Para Aranha, “em um primeiro momento houve uma reação exagerada do mercado em nível global, diante das incertezas. Não deveria cair tanto, mas sem muita informação, no curto prazo, a reação é amplificada, o impacto é maior”. Ele admite que tudo indica um crescimento menor na economia mundial em consequência do coronavírus e isso pode vir afetar o desempenho das empresas, mas adverte que “as companhias que são de qualidade podem até sofrer, mas não vão deixar de ser de qualidade”, pondera.

Entre as ações estrangeiras mais afetadas, Gustavo aponta as do setor de viagem, incluindo as de hotéis (Marriot) e companhias aéreas, porque as pessoas tendem a se deslocar menos em função da epidemia, e as do setor de luxo (Luxxotica), tanto por ter os chineses como um público altamente consumidor, como pela concentração da produção desses produtos na China.

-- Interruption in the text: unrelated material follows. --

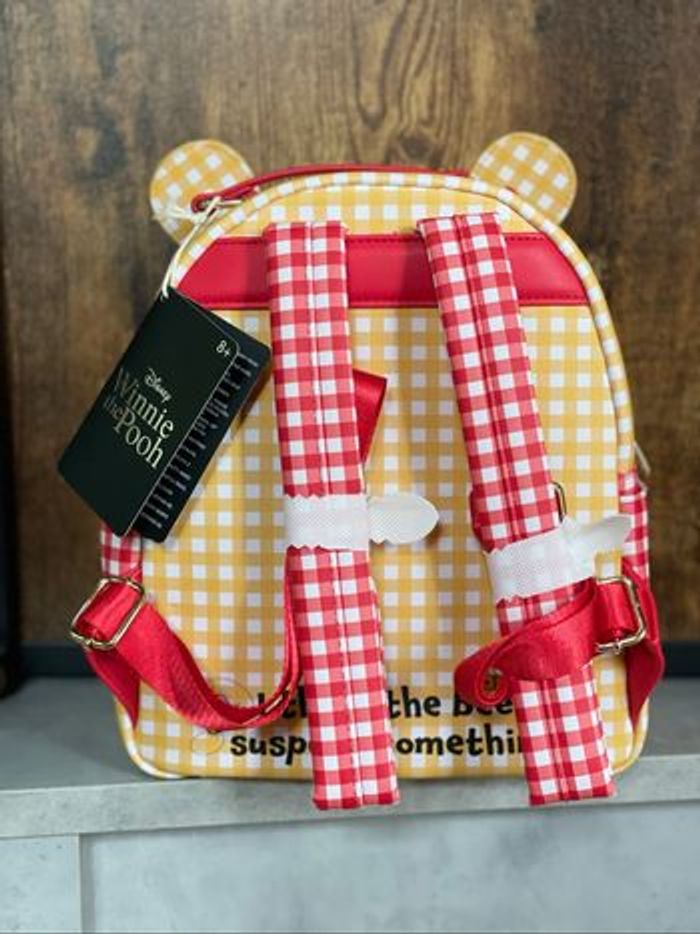 Sac à dos Winnie Vichy Disney Loungefly neuf - photo numéro 2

A situação requer um cuidado maior na avaliação dos papeis, admite o executivo da Geo. É fundamental identificar se a queda das ações é momentânea em decorrência do susto com o coronavírus, ou até que ponto está refletindo uma fraqueza estrutural da empresa. Dependendo do caso, a posição dessas ações na carteira dos fundos será revista.

Adriano destaca mais dois pontos que sugerem uma reação do mercado no curto prazo. O primeiro é que a queda dos mercados pode ser explicada em boa parte pelo fluxo de capitais. Os investidores assumem posições em mercados de derivativos, e o recuo no preço dos papeis os leva a vender mais papeis para a cobertura de suas posições, aumentando a oferta e acentuando a queda. O segundo refere-se à preocupação e várias iniciativas, mundo afora, para tentar animar as economias.

Portanto, a orientação para investidores dada pelos dois analistas é para manter a calma e seguir a estratégia de longo prazo.